Planning a self-drive Safari? Remember to Arrive Alive


Videos of people enjoying a safari drive are usually intriguing to watch, but these safari rides are not always as peaceful as nature, much like accidents are unpredictable.

Arrive Alive has gathered a few interesting points to take note of if you are planning on spending some time in the wild.

“It should be kept in mind that there is always a certain degree of danger when you are in the bush with wild animals. Game safaris are, however, overall exceptionally safe. Accidents are infrequent and most game reserves and ranches have excellent safety records. Practical thinking, common sense, and preparation will offer a risk-free and memorable journey. We are aware that a safari in Southern Africa would be that much more enjoyable if you have peace of mind regarding the safety of you, your family, and loved ones,” Arrive Alive said.

It is important to prioritise your safety at all times when you are on a safari.

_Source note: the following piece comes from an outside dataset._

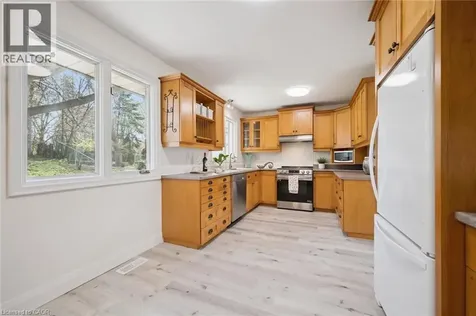 27 Silverspring Crescent Kitchener ON N2M 4P1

Safe driving recommendations according to Arrive Alive: 

  • You should only travel in a vehicle that is well-serviced and roadworthy.
  • Prepare carefully – enquire from game rangers and management at the reserve about the roads and whether your vehicle will be capable of travelling on these roads.
  • Do not “test” the capabilities of your vehicle and avoid driving where you cannot see the surface of the road.
  • Before you embark on your safari, inform others where you will be travelling and when you could be expected to return. [It is best to drive in a convoy!]
  • Remain on the paths at all times and do not leave them – you will not be aware of nasty surprises next to the roads. Be alert to varying road conditions, changes in a road surface, sharp corners, or crests that reduce visibility – adjust your speed accordingly.
  • Visibility is often reduced by the presence of encroaching roadside vegetation and sharp corners.
  • Patience needs to be demonstrated when sharing the road with other visitors and wildlife.
  • Speed needs to be reduced to the advised limits – remember this is a game drive – slow down and enjoy the view!
  • Drivers need to be aware of the impact of the changing weather on the road surface and surrounding environment and drive accordingly by reducing speed and using lights appropriately.
  • During winter, fog is a regular occurrence at dawn and at dusk which can obscure driver vision and will require even slower speeds.
  • On a self-drive – stay in your vehicle at all times – you will put yourself in danger if you get out of your car anywhere unless at a designated safe place.
  • Remember that even though you may have carefully scanned the area, animals are masters at remaining concealed – predators do it daily when stalking prey – do not risk becoming prey.
  • If you are close to an animal and observing it, take note of its behaviour – if it looks agitated in any way, makes mock runs at you, or stares and paces up and down, then move slowly off.
  • You should be safe within your vehicle as vehicle/animal incidents are very rare.
  • The only animal that can take you on in a vehicle is an elephant and they could be dealt with mostly by just holding your ground with the engine of the vehicle turned off.
  • Revving the engine or hooting is not a good idea as this might be seen as a challenge – a contest where the odds are not on your side!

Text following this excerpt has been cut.